**TASK ITEM:** All of the lines below need to be copied exactly, apart from the pictures.

**AVAILABLE DATA:**
####################

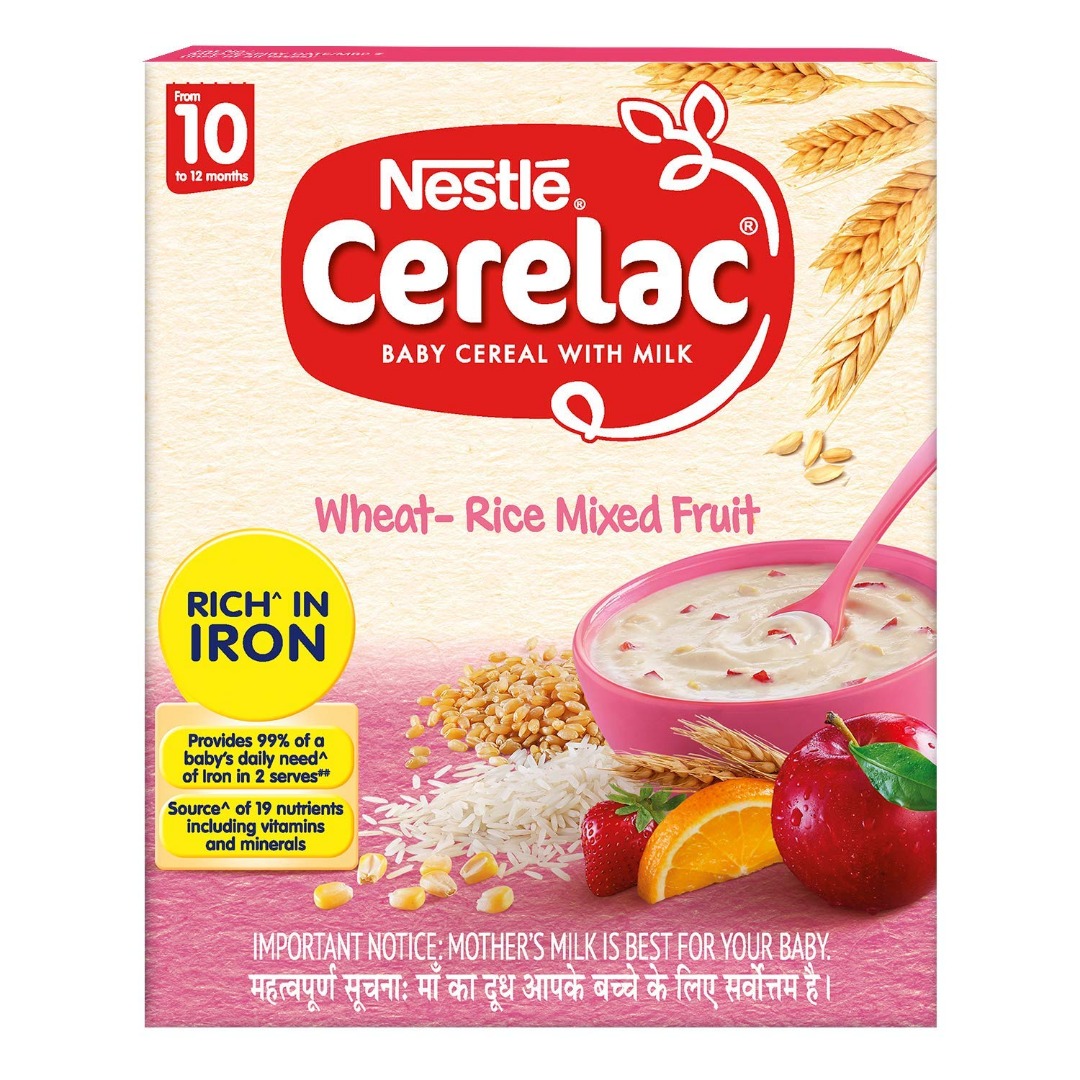Nestlé CERELAC Baby Cereal with Milk, Wheat-Rice Mixed Fruit – From 10 Months, 300g BIB Pack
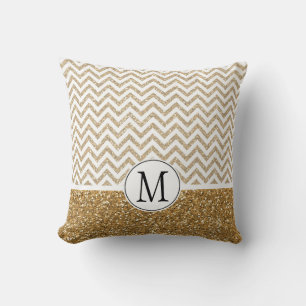 Gold Glam Faux Glitter Chevron Kussen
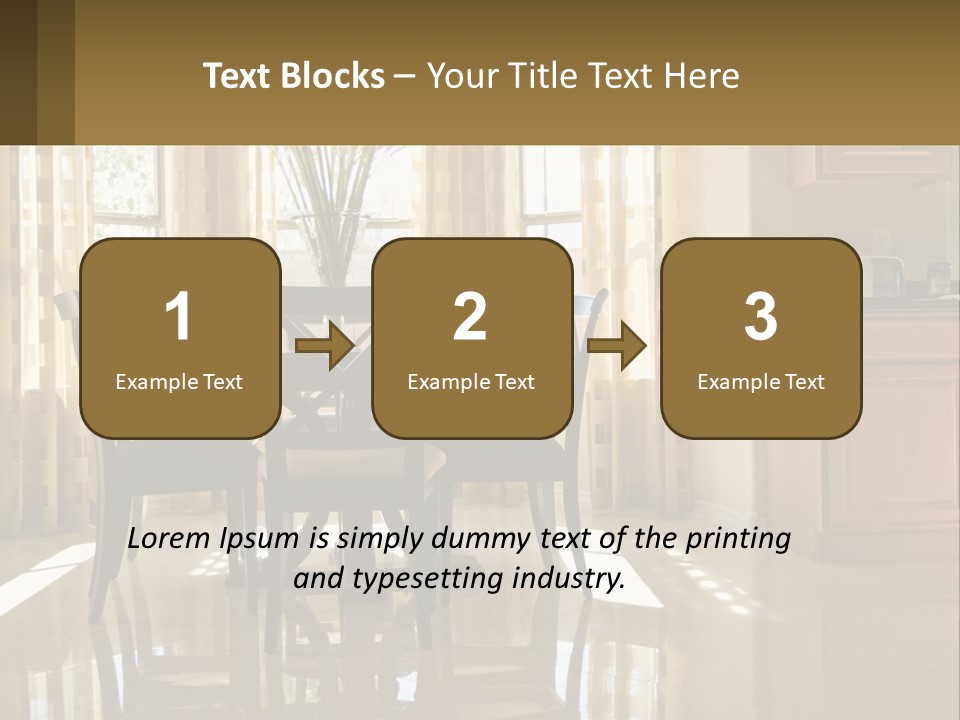 A Dining Room Table With Chairs And A Vase Of Flowers PowerPoint Template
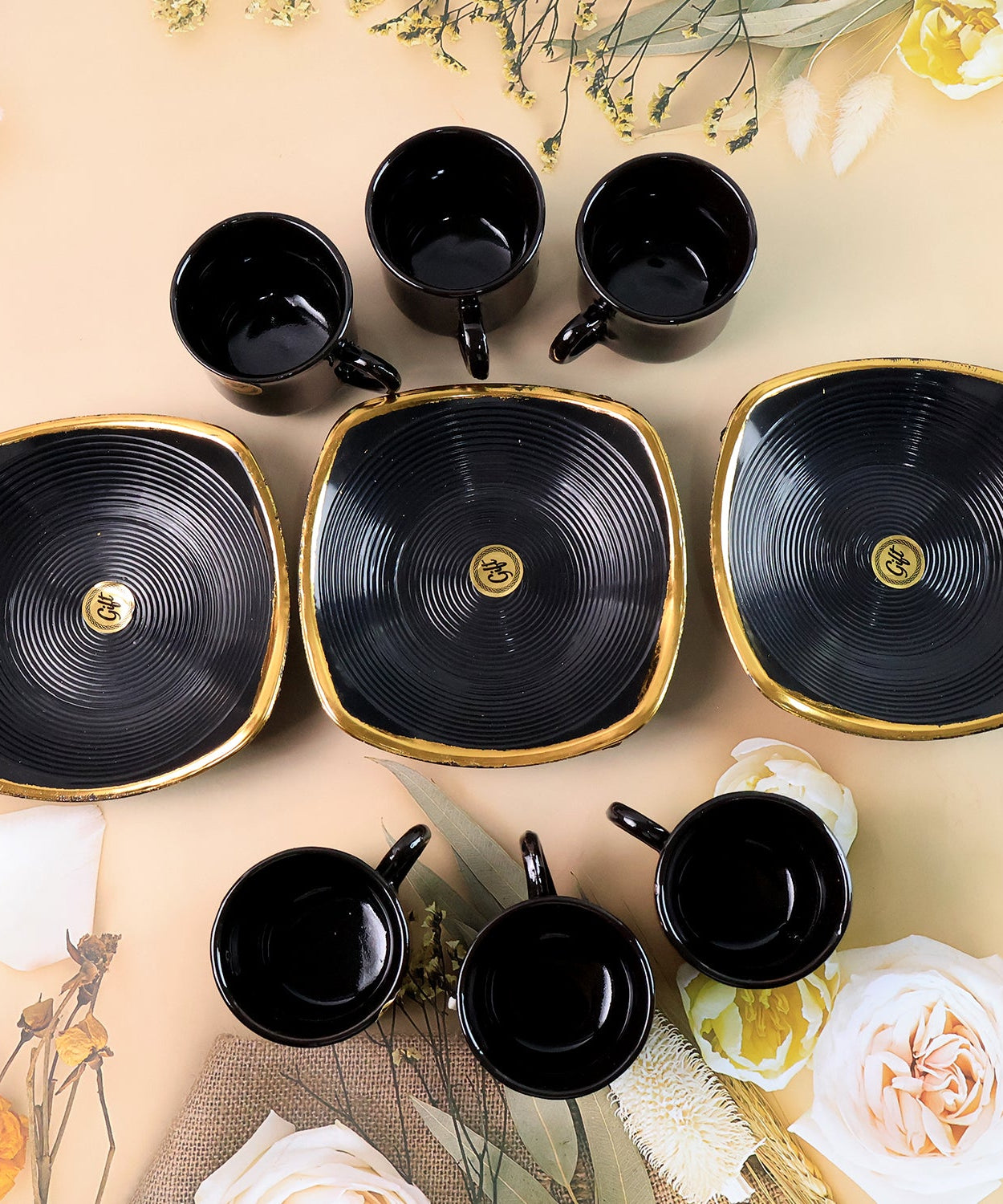 Sweet Buzz 9-Piece Seashell Ceramic Cup Set – Ideal for Home & Gifts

####################

**ANSWER:**
Nestlé CERELAC Baby Cereal with Milk, Wheat-Rice Mixed Fruit – From 10 Months, 300g BIB Pack
 Gold Glam Faux Glitter Chevron Kussen
 A Dining Room Table With Chairs And A Vase Of Flowers PowerPoint Template
 Sweet Buzz 9-Piece Seashell Ceramic Cup Set – Ideal for Home & Gifts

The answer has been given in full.